MATERIAL FOR THE TASK
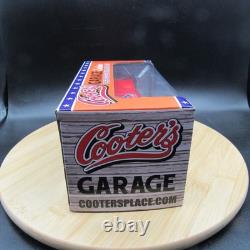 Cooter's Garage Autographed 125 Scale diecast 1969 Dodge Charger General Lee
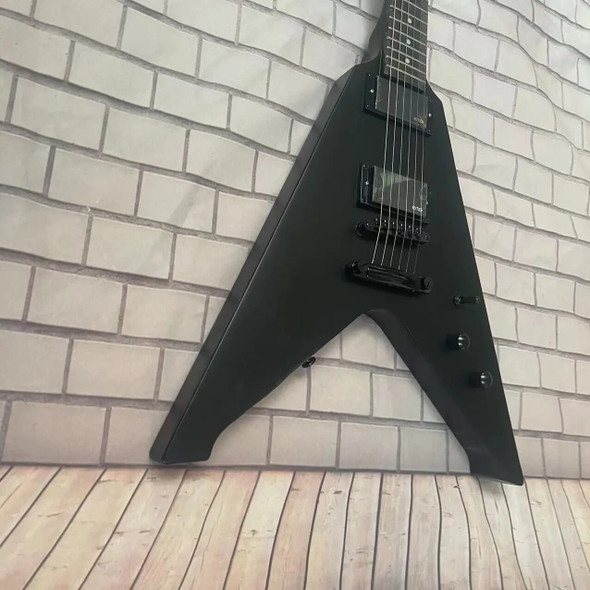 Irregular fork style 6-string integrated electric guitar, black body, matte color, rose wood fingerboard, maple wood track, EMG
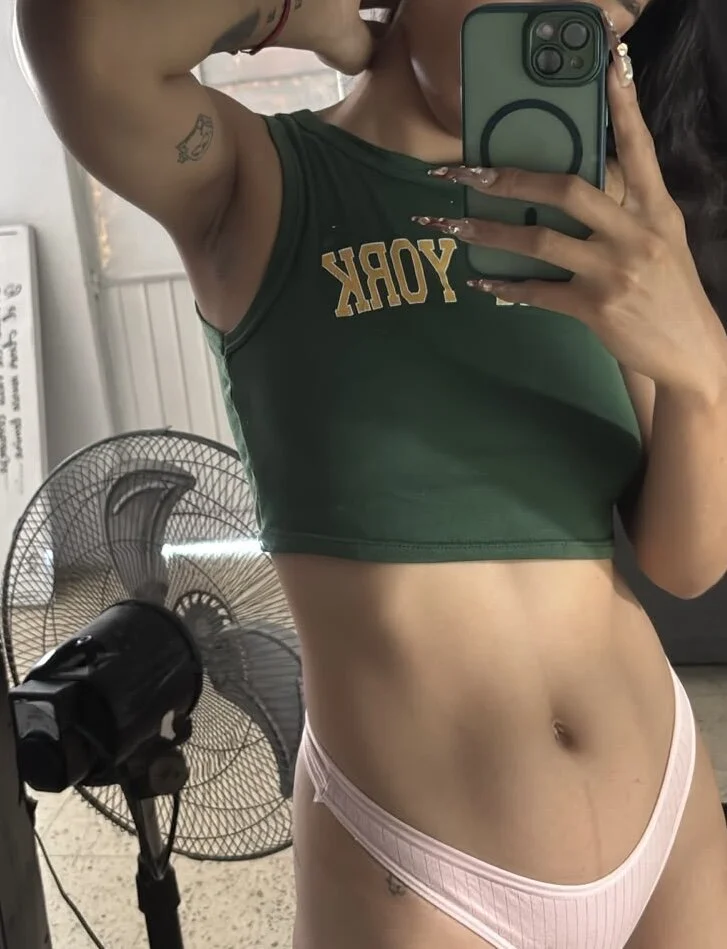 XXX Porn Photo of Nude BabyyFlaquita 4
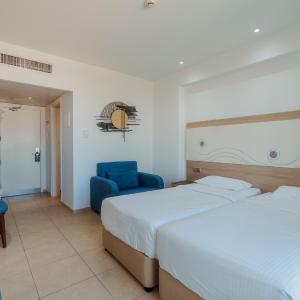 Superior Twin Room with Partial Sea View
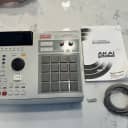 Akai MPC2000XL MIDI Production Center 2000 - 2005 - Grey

TASK GOAL
Quote exactly the lines from the one that contains "XXX Porn Photo of Nude BabyyFlaquita 4" through the end of the listing above, both ends included, leaving out the pictures.

RESULT FOR THIS TASK
 XXX Porn Photo of Nude BabyyFlaquita 4
 Superior Twin Room with Partial Sea View
 Akai MPC2000XL MIDI Production Center 2000 - 2005 - Grey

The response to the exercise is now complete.